The Limits of Bounce Rate
You shouldn’t rely too much on bounce rate if your site is primarily a content site that offers news, blog posts, or relatively unrelated content. The reason you should be wary of bounce rate in these settings is that people will often read an entire article or blog entry and then leave. Bounce rate doesn’t reflect the fact that they spent loads of time reading an entry and stayed on the page for a long time. Only an analysis of session time will tell you that.
Another thing that bounce rate doesn’t reflect is how often people return to your site. Your content may be highly relevant, but users may only read a page at a time before leaving. The fact that they return again and again, however, isn’t captured by bounce rate. Obviously, if users keep coming back, you are doing something right.
Fortunately, many factors can be tracked in Google Analytics to help you determine the relevancy of your content. Session time can be tracked, for instance, to determine how long people stay on a particular page. You can also track unique visitors, frequency, and “recency” metrics to determine how many new people come to your page, own often people return, and how soon people return.
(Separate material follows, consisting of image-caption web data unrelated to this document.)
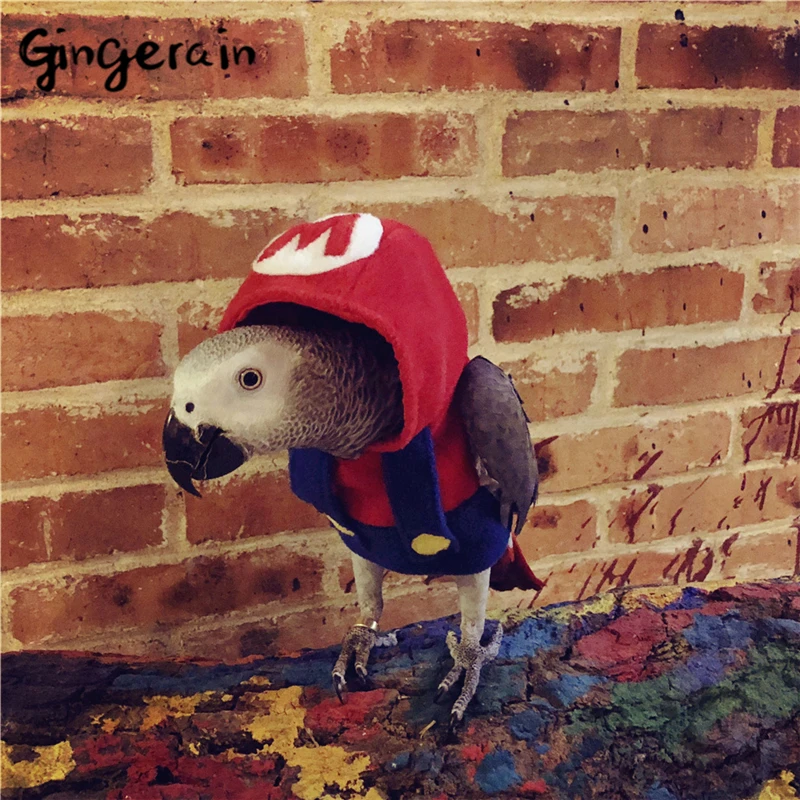 Gingerain Bird clothes Parrot clothes Super Marie original hand-made custom bird clothes Hooded Sweater Super Marie
Gingerain Bird clothes Parrot clothes Super Marie original hand-made custom bird clothes Hooded Sweater Super Marie
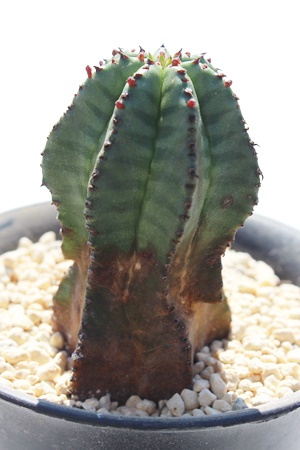 AmvAA[tHrA-Euphorbia anopuria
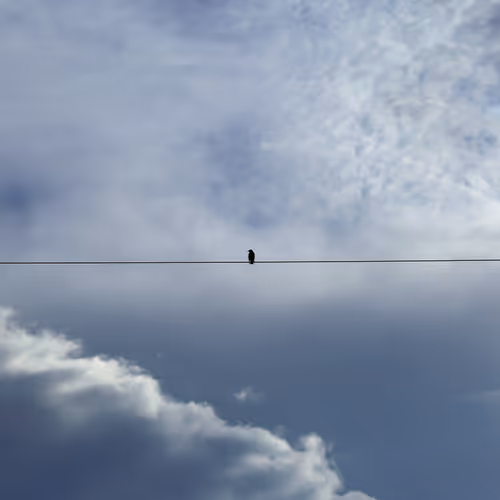 Aloft in Azure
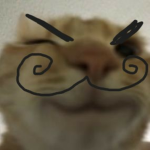 Roux plis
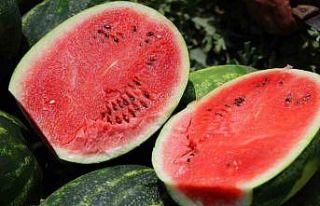 Tarladaki karpuz için öneri: "Belediyeler hasat...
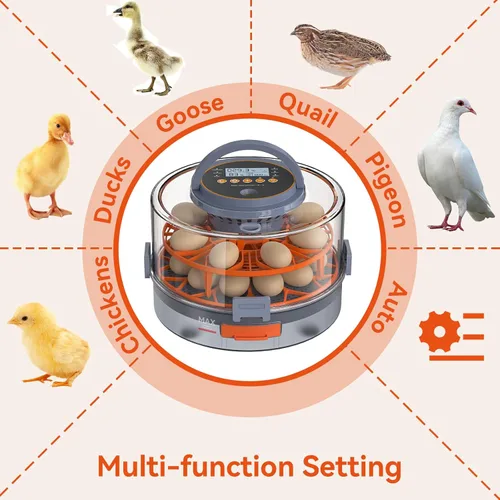 Miniatura 5 de Incubadora de huevos para incubar 18 huevos con giro automático, sensor de humedad, 5 modos preestablecidos, tapa transparente para observación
You can even track scroll rate to see how fast people are moving through content.
Getting Google Analytics Right
Getting Google Analytics to properly measure the metrics that will impact decisions about content, ads, and keyword use isn’t easy. You need to pay attention to how your cookies are designed and how Google Analytics is set to measure certain metrics (e.g. bounce rate, frequency, unique visitors). Unfortunately, there is no one-size-fits-all approach to setting these metrics. The only general rule, in fact, is to keep things in context.
If you understand what you are trying to measure, then it becomes easier to set Google Analytics and other analytics software to zero in on important metrics. For instance, with bounce rate, you want to measure pageviews and not events. By understanding that, you can set Google Analytics to ignore social media shares, eCommerce events, and so forth. Pay close attention to the factors that influence a metric in your analytics software to ensure that it provides useful, actionable information.